And then a problem arises, even with all the havoc being wreaked in African soil, it's obvious that the atmosphere wouldn't be gloomy and dark as the other games. Even Resident Evil 4 had an overly dark atmosphere, not par with the older games of course, but the strange foggy village sure had its moments of glorious bone-chilling. If analyzed closely it's easy to notice how fresh the locations on the fifth installment are, but those looking for terror won't find much in it, except for some moments here and there, and in a lesser extent. One problem related to this happens to be how they portray these moments, generally a sudden sound is heard and the camera rushes to show what should be feared in a brief in-game play pause. That's not quite the way to do it, and I get more sure of it when I think about the Licker passing outside the window just a few moments after you enter the police station in Resident Evil 2. You see, nothing major was required, no sound, no camera cut, no action break, just a simple unidentified creature passing by when you less expect. Genius.
Don't get me wrong, the game is still absolutely amazing for what it is. The game revolves around co-operation, not mattering if you're playing solo or with a friend. If you're playing alone the computer will take care of the other player. The cpu will handle itself nicely, but it can get on your nerves at certain moments since your partner will follow you around wherever you go and sometimes will manage get in your way, both while trying to walk or shoot. There's not many commands for the player to choose for the partner, there's only "cover" and "attack", and you won't find much difference between choosing one or the other. You have two action buttons, one for lone actions, and one for coupled actions. It's imminent a comparison between this and Resident Evil 0, where a similar system of co-op was offered. And this game ends up having a more simplistic approach on this matter, Resident Evil Zero had more complex puzzles and the interchangeable actions showed more depth. Of course the reason for this is clear, this game has the co-op focused on action. This might explain the reason why ammo and healing items are so limited, unlike Resident Evil 4, and this fact actually brings this new chapter closer to its classic roots of survival horror, even though the rest of the game doesn't help much about it.

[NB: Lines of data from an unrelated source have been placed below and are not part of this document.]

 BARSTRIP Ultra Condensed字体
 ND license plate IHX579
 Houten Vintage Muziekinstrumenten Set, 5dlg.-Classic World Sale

The big question about it was how the controls would be set. The Xbox 360 controller is known for its good design for shooters, Resident Evil 4 wasn't an all-out shooter, but maybe Capcom would choose to follow the industry's trend and change things a little bit. Fortunately it didn't happen. Some changes were made to keep the controls up to today's standards for third person shooters, like the addition of a cover system, something that will come in handy when facing the new "zombies with guns" found later in this game, even though some may argue that they aren't exactly zombies, it doesn't seem right anyway. You have the second analog stick to control where the character faces, but to shoot you still have to hold the left trigger button to enter the firing mode with the laser-aim, only then you'll be able to shoot, which is executed by pressing the right trigger. Again, to use the knife you have the upper left trigger exclusively for it, helps a lot when breaking wooden barrels for loot without having to throw away ammo. Another good news is that the quick turn wasn't extinct, it stands as essential for dynamism, and would have been missed if gone.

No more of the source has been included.